人類が人類であることを構成するあらゆる自然科学の発展の歴史をエッセイ風に描いている。
八〇〇ページ超え、軽く辞書のようだ。

アインシュタインがあの数百年あるいは一〇〇〇年単位の快挙だった相対性理論の発見のあと、人生の半分を有意義でないことの研究に費やしたことを知り、そんな天才ですら誤るのだから僕みたいな凡人ならなおさら……と未完成過ぎる人類の知性に対して諦観し、あとほんの少しの安心する。

たかだか一〇年前の本だが、ここに書かれていることの幾つかはもう陳腐化している科学の進歩のはやさがなかなかに感慨深い。

【本】『かもめ・ワーニャ伯父さん』チェーホフ

チェーホフは初読。
『桜の園』が吉田秋生「櫻の園」(映画化された)の元ネタということは知っている。
あと最近読んだ、ふみふみこ『さくらの園 』も『桜の園』のオマージュらしいが、何しろ『桜の園』を読んでいないのでわからない。

読んで身につまされ痛々しい。
『かもめ』の主人公トレープレフのラストのような勇気もない、ワーニャ伯父さんがごとく偏屈な中年になった自分は、それでもこの現実を生きていかざるを得ない。
一〇代のときはそんなこと思いもしなかっただろうし、この小説の意味を実感することもできなかっただろう。
そんな気持ちを理解できることが、いいことなのかどうなのか……

それでも、生きていかざるをえないのだ! 

【本】『竹取物語』星新一

星新一氏の翻訳本は、他人が訳したものを氏の名前だけ貸すケースが多いらしいので警戒して読み始める。
読んでみて安心、これは他人作ではなく、『できそこない博物館』や『進化した猿たち』のように創作論と絡めて描いている実に星新一的な視点の入った新約と言ってよい『竹取物語』。
主観が強い(解釈が個性的な)読み物けれども、星新一ファンあるいはSFファンなら読んで楽しいはず。

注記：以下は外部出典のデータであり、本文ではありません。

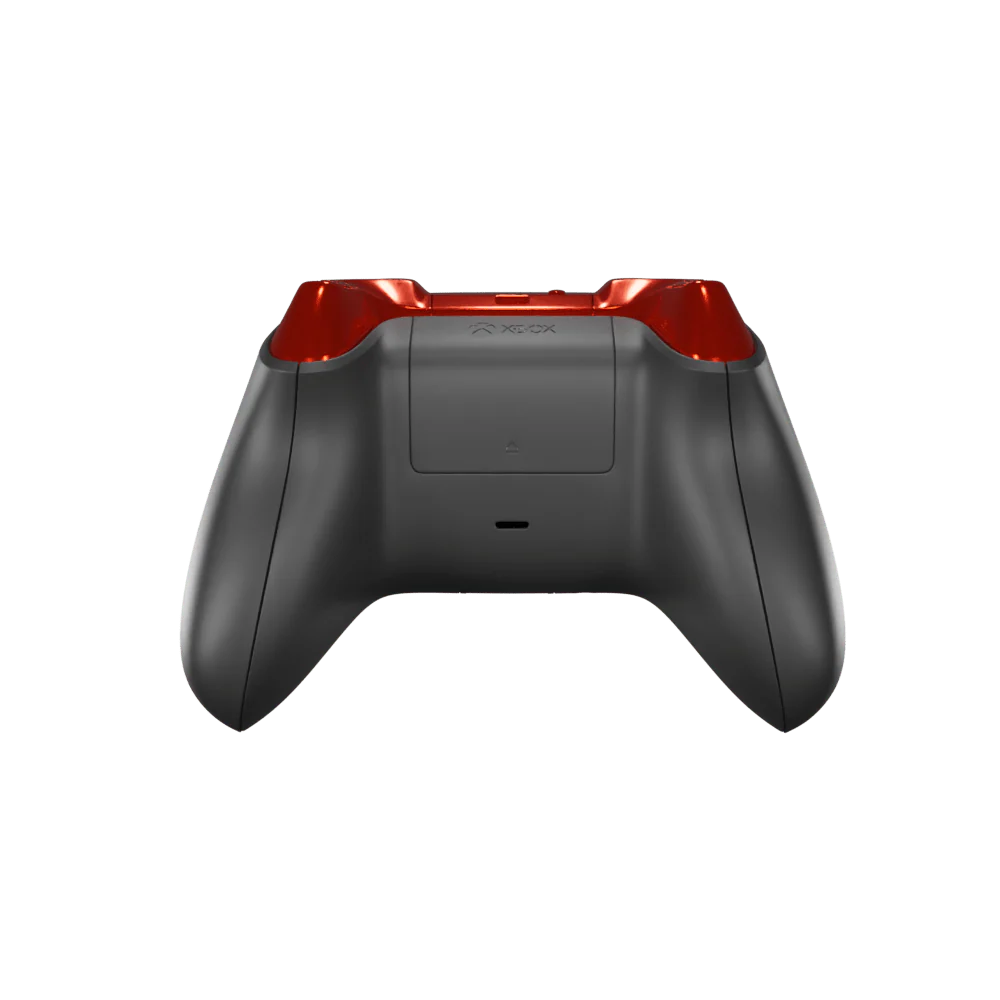Xbox Series X Custom Controller - Oni Edition - Image 4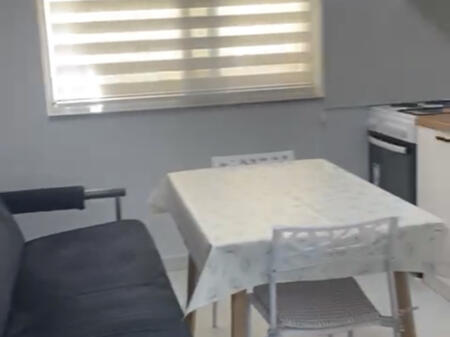 Apartament 1+1 ne bllok!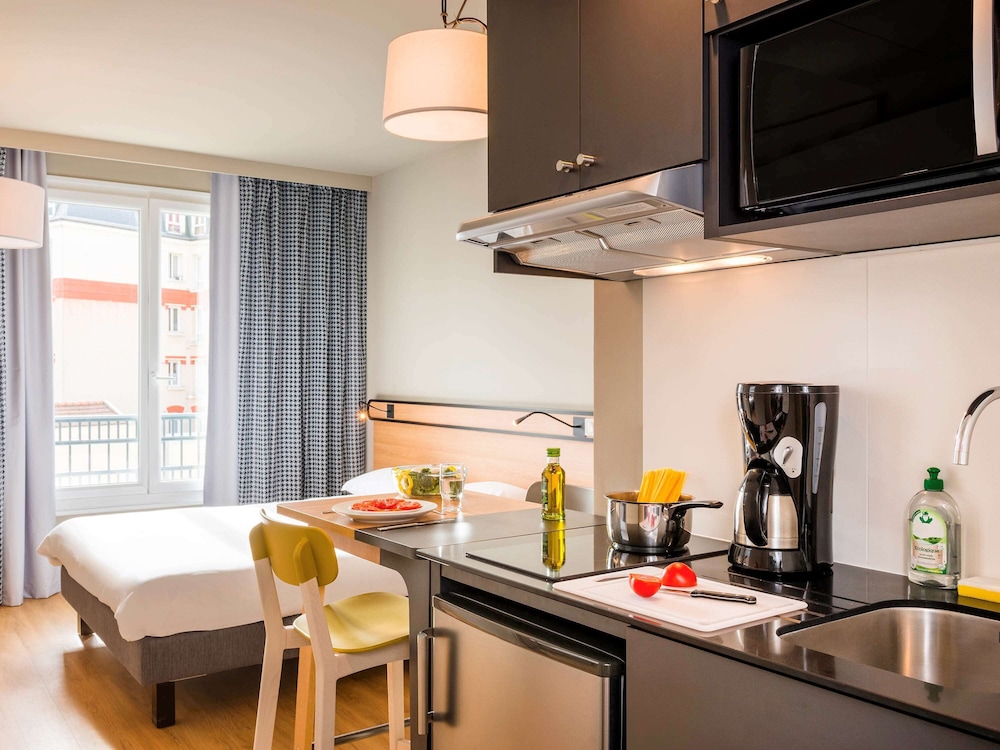 Aparthotel Adagio Access La Defense Puteaux 54/68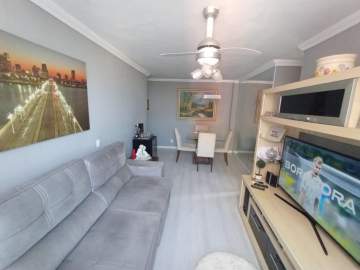 Imperdível - Apartamento à venda Rua São Calisto, Tanque, OESTE,Rio de Janeiro - R$ 190.000 - CAAP20599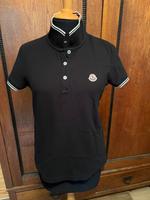 Moncler Maglia Polo Manica Short Sleeved Polo Shirt Niedersachsen - Salzbergen Vorschau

【本】『アンドロイドは電気羊の夢を見るか』フィリップ・K・ディック

数年ぶりの再読。
それまでは中盤までのわかりやすさに比べてラストのわかりにくさといったらない……という印象だったが、今回読んでみてこのラストが当然の帰結と納得。
意識的か無意識的かわからないけれども、ジョーゼフ・キャンベル『千の顔を持つ英雄』に沿って物語が作られている。
「ニューロマンサー」の影響も感じるがそれはよく考えたら逆か。
読んだ順番が逆だからいつもこんがらがってしまう。

この小説に関しては時期をおいて再読するごとに自分の理解が深まったことを実感できる。 
読書量と国語力はやはり比例するのだ。

【本】【漫画】『竹取物語』池田理代子

かぐや姫はUFOで地球に送られたというSF的設定、月の世界からの使者もUFOで訪れる。
なのにこの『竹取物語』の大筋は池田理代子氏なりに解釈して表現されたものではなく、日本の古典文学を漫画で読みやすくしてみましたという程度のアレンジ。
何故、SF的要素を入れたのだろうか。
かぐや姫が地球上に赤ん坊の姿で転送されたのが謎なことと同じぐらいの謎。

【本】『果しなき流れの果に』小松左京

三年ぶりの再読。
やはり読書一度目は確認にしか過ぎない、再読以降からやっと理解できるようだ。
いかにして人間を超えるかというニーチェ的なテーマが包有されている。
それは同時期の『二〇〇一年宇宙の旅』と内容のシンクロニシティがあり、時代が反映された作品だったことがわかる。
宇宙と宇宙から新しい宇宙が生まれるイメージは、さながら超弩級マクロな止揚(アウフヘーベン)。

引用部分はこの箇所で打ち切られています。